■ DATA EXTRACT:
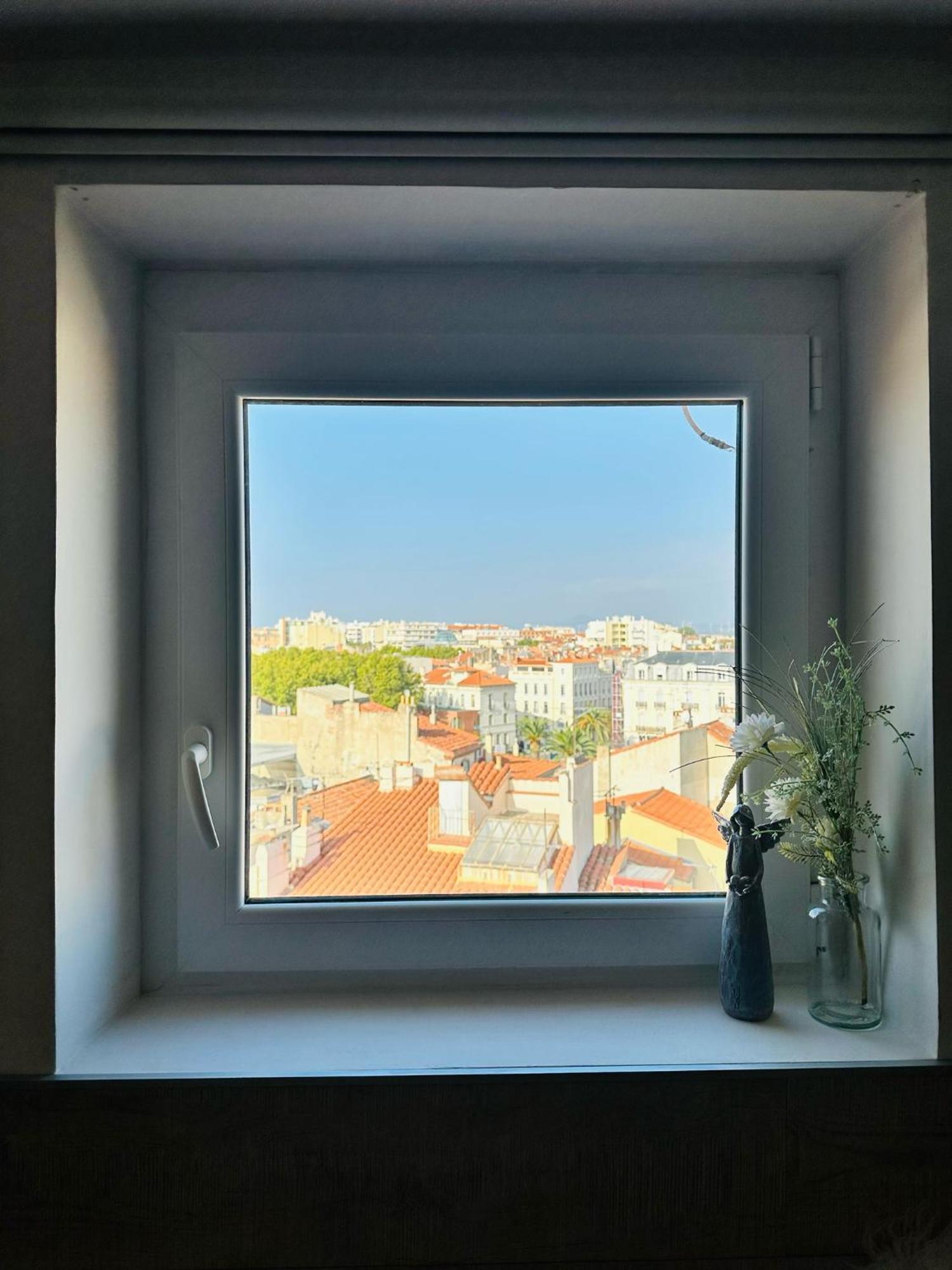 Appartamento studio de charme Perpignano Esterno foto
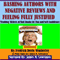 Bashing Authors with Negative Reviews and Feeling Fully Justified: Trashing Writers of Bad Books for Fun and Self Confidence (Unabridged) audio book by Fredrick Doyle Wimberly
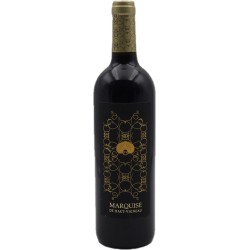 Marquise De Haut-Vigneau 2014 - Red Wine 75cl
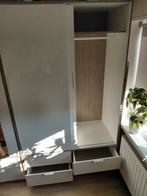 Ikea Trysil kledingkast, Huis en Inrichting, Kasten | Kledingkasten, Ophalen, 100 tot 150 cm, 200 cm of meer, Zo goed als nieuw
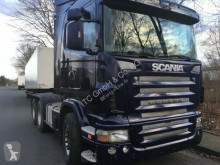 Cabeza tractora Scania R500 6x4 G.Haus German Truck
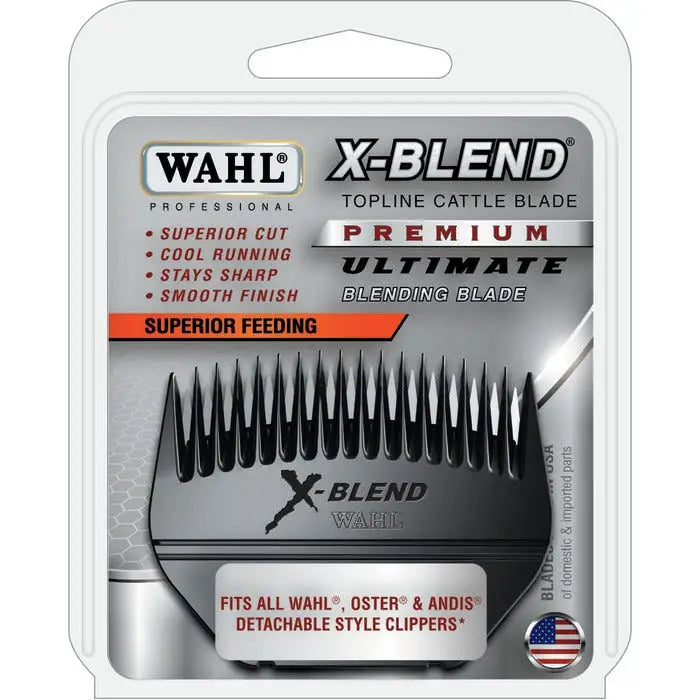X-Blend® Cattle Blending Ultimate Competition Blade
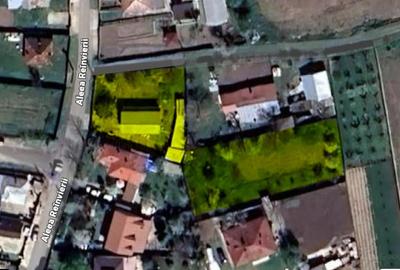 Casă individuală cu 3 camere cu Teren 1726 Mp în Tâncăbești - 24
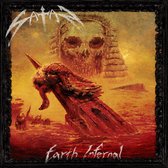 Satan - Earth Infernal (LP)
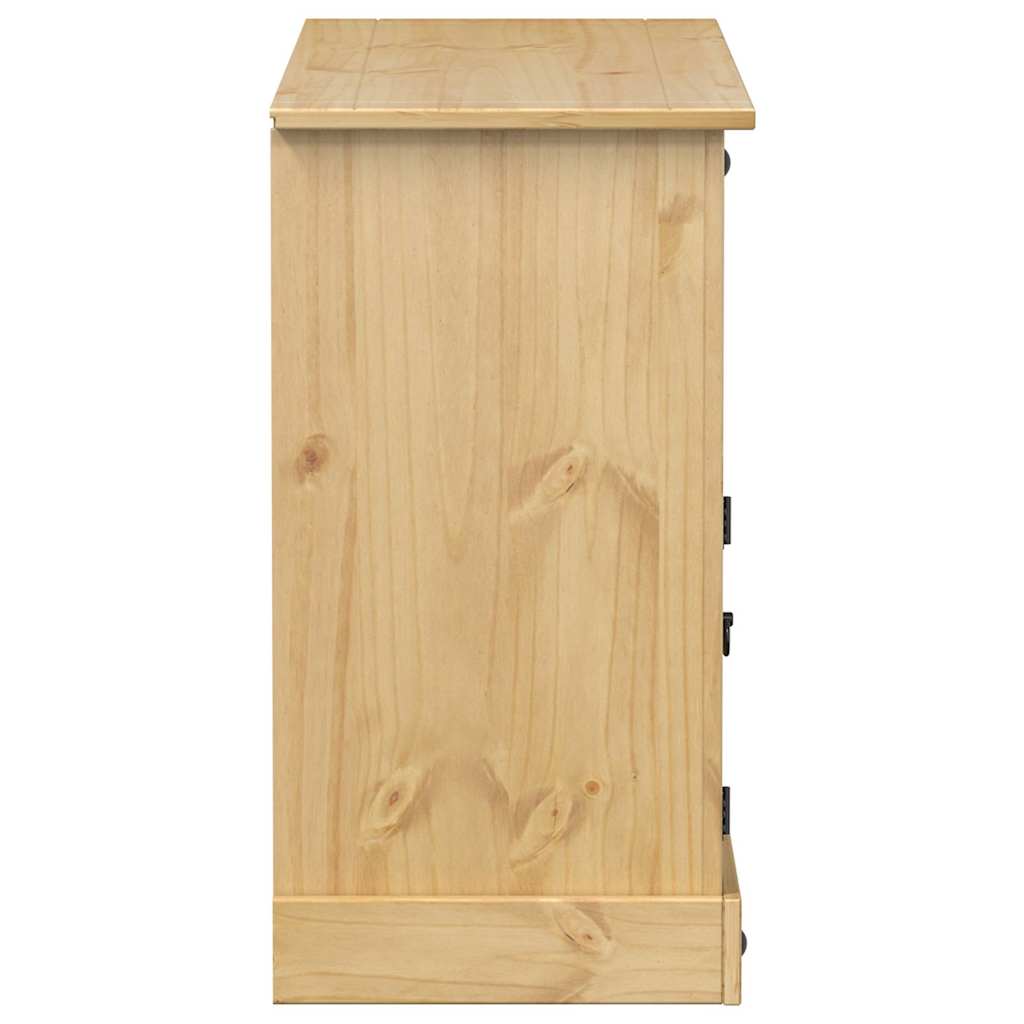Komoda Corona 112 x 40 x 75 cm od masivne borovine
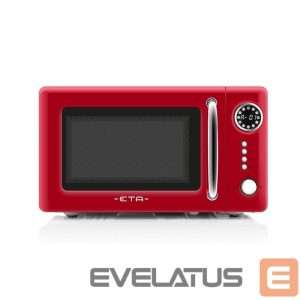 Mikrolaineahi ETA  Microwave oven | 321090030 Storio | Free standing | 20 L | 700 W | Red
==
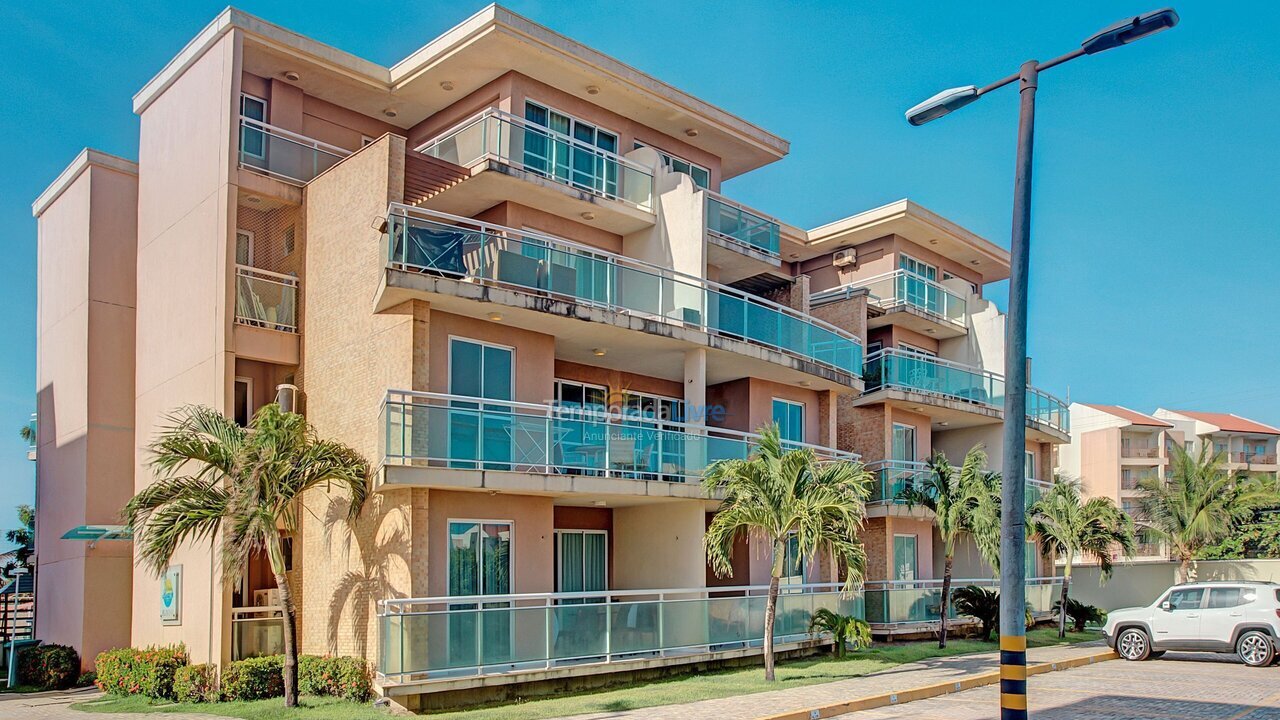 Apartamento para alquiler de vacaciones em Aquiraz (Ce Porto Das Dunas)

■ ASSIGNMENT:
The material above holds pictures; leave them out and set down exactly the lines from the line with "Komoda Corona 112" to the line with "700 W | Red", both included.

■ SOLUTION TO THIS PROBLEM:
Komoda Corona 112 x 40 x 75 cm od masivne borovine
 Mikrolaineahi ETA  Microwave oven | 321090030 Storio | Free standing | 20 L | 700 W | Red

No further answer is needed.